We started BikeSharing a lot. We didn't quite have the clothing thing figured out yet and didn't wear helmets but it was good.

Actually more than good, it was great.


----------



## MB1 (Jan 27, 2004)

As much fun as we had with BikeShare and as easy as the system is to use there is just no getting around the fact that the bikes are pigs. Heavy, slow, odd seats and riding positions and they are just not set-up for you. Plus your riding is limited (unless you want to spend a whole lot of money on hourly fees) to where there are docking stations.

Still, it was great.

Then one day while visiting a friend recently laid up in a bicycle crash we dropped by her local bike shop to see how her damaged bike was coming along. And there they were.....

City bikes.

Let me say it again; *City Bikes!*

All it took was one test ride and were hooked. We bought them right there. 

The only change we made was to switch the torture devices they were equipped with to Brooks saddles.


----------



## MB1 (Jan 27, 2004)

We started riding everywhere on the things (and almost entirely quit walking places).

Better yet it was even easier to explore the city, do new things and meet new people with the city bikes.

At first we weren't wearing helmets and though it was great to ride helmet free for a while it actually didn't feel all that safe. Still clearly our road helmets seemed out of place while riding in casual clothing.

Then at a bike shop way across town we discovered these really neat Dutch helmets.

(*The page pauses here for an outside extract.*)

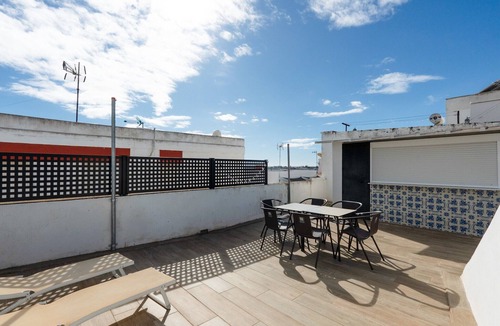 Ayamonte House | Typical Central House with Private Terrace and Wi-Fi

We were set.


----------



## MB1 (Jan 27, 2004)

With the new bikes we have once again been riding just about everywhere (since spring we haven't bought a tank of gas). Unless we plan to ride more than 40 miles at a time we don't bother with our road bikes and there is no need at all for MTBs.

Best of all we have been doing things. Hiking, shopping way away from home, going out to dinner more often and just plain having fun!

LIG

Ride your bike!


----------



## seacoaster (May 9, 2010)

What? Platform pedals? Regular shoes? Kickstand? No carbon fiber? 

And it was fun? How could it possibly be?

You sound like that nutjob Grant Petersen. Blasphemy!!!


----------



## MB1 (Jan 27, 2004)

seacoaster said:


> ....You sound like that nutjob Grant Petersen. Blasphemy!!!


Na, we are not running 650B.


----------



## UrbanPrimitive (Jun 14, 2009)

How are you liking your trailer? I've been torn between a two wheeler (like the Burley Nomad) and single wheel designs like yours. Panniers just can't hack it when hauling six gallons of water.

Also, this needs to be said: Front baskets rule.


----------



## MB1 (Jan 27, 2004)

I am a HUGE fan of BOB trailers and have been for a long time but if you are actually going to be carrying 6 gallons of water very often a 2 wheel trailer may be better.


----------



## InfiniteLoop (Mar 20, 2010)

Awesome awesome story!!! I'd like to hear more about your bikes and how they're equipped.

We are a Workcycles and Velorbis family: City Bikes | LocalMile


----------



## UrbanPrimitive (Jun 14, 2009)

Thanks for the feedback, MB1. Seeing as I homebrew beer pretty frequently, I actually would be hauling water pretty frequently. I suppose that means I'll have to keep my eyes open for a buggered up old trike to tear into for parts. Great photos (as always) and a great read.

As the guy who looked like a farmer version of ZZ Top said when he approached me at the grocery store, "keep pedaling brother. We're making it!"


----------



## temoore (Mar 9, 2004)

Great story and narrative of your transitions. Thanks


----------



## commutenow (Sep 26, 2004)

A really interesting story and wonderful pictures as usual.


----------



## seacoaster (May 9, 2010)

We're in Bethesda this weekend visiting our daughter and her husband. No bikes, just flew in for the weekend. I'm envious of all the options you have here. For a city it's amazing how well you can get around on a bike (assuming all of these bikes are gettìng around safely). I think if I lived here I would be looking at doing what you have done. No need for the high end bike stuff around town.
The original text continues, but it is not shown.